2. Use the hairdryer to warm up the space where the section and barrel meet. DO NOT melt the plastic or set the celluloid on fire. All you need is a little warm to the touch. Until you get comfortable, keep the heat to barely noticeable to the touch. Grip the section, and only the section, with your rubber coated pliers. Very gently and slowly begin to twist counter clockwise as you hold the barrel in your other hand. It is common to hear some very scary cracking sounds. Usually, that sound is the petrified rubber ink sac in the pen breaking apart as you open. Sometimes it is the pen barrel breaking. Experience will teach you the difference. If you feel the section coming loose,

Grip only the section with rubber coated pliers, such as these spark-plug pliers. Don’t grip too tightly, just enough not to let go.

keep twisting slowly and gently. If you do not feel it turning or you feel it actively resisting, stop twisting. Some sections—especially Parker Duofolds and Vacumatics—were threaded into the pen barrels, which is why we usually start with a twist. Most pens of all brands were straight pressure-fit sections. HOWEVER, some brands—especially Wahl-Eversharp, although they were extremely inconsistent—used little pins in the barrel or section to hold the section firmly in place. You CANNOT twist those sections without destroying the barrel or section. If a section resists twisting, hit it with a little more heat and very gently start trying to wiggle it in teeny, tiny side-to-side motions while pulling straight out.

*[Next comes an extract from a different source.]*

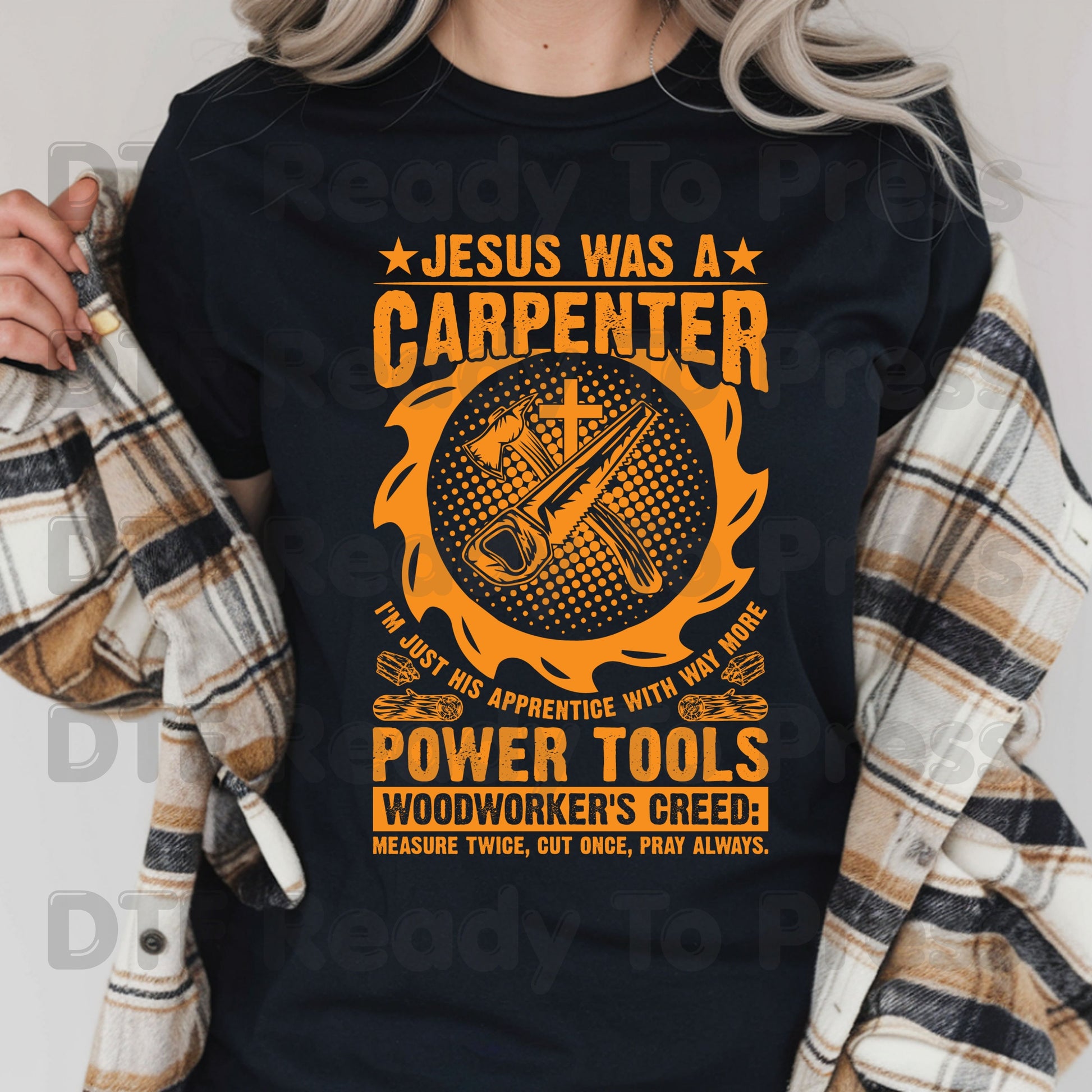 Jesus Was A Carpenter DTF Transfer Ready to Press Woodworker's Creed UV DTF Sticker Christian Woodworking Power Tools Hand Saw Heat Transfer for Shirts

This is the most dangerous part of the entire restoration job. This is where probably 80% of all pens break, if they are going to break. ALSO, celluloid is insanely flammable. DO NOT get it hot. If it catches fire, it burns like a magnesium flare. It is an extremely hot burning flame that burns extremely quickly. Early on, I accidentally set a Vacumatic on fire. It scared the hell out of me, and it was a miracle I didn’t burn down my house. Even after getting it under running water it didn’t go out right away. I had to drop it in the steel sink and flood it to put the fire out. In about 10 seconds, it burned away the majority of the barrel. Be careful with the heat.

Use a razor to scrape the old sac pieces off the section nipple.

3. Once the section is free, scoop out the old sac guts from inside the barrel with the dental pick. Sometimes those guts stick pretty good to the inside of the barrel. A flashlight or gun light can help you see in to make sure you got it all. Do not put water in the barrel to clean out the sac or old ink. This will likely ruin and rust-out the pressure-bar assembly.

4. Use the razor to scrape the remnants of the old ink sac from the nipple of the section. Be careful not to cut yourself or split open the nipple.

5. Fill your ultra-sonic cleaner with clean, room-temperature water. Sometimes a drop or two of ammonia will help badly clogged pens. Put enough water in to completely submerge the cap and section assembly. Before you turn it on, let the cap soak for a minute or so. This allows the water to penetrate the inner cap, where a lot of old ink is usually trapped. After the cap and section have had a minute to soak, turn on the ultra-sonic cleaner for no more than 2 minutes.

If feasible, an ultra-sonic cleaner is the easiest way to remove old ink.

You might not see a lot of “action” with your eyes, but the vibrations are practically violent to the parts that are submerged. It can shake free most of the old ink in two minutes or less. If a cap lip is cracked, I’ve seen some caps crumble in the ultra sonic cleaner. That’s how powerful it is.

NEVER stick your fingers in the ultra-sonic cleaner when it is turned on. It can damage your fingers and their joints. Also, don’t leave your parts in for much longer than two minutes because the cleaner will get hot and potentially damage or discolor your parts.

Turn off the ultra-sonic cleaner, collect your parts and drain the old dirty water. Then rinse the parts under the faucet with room temperature water for a few seconds. Shake the parts dry, and then dry them with a paper towel on the outside. Q-tips are perfect for drying and removing the remaining ink from inside the cap.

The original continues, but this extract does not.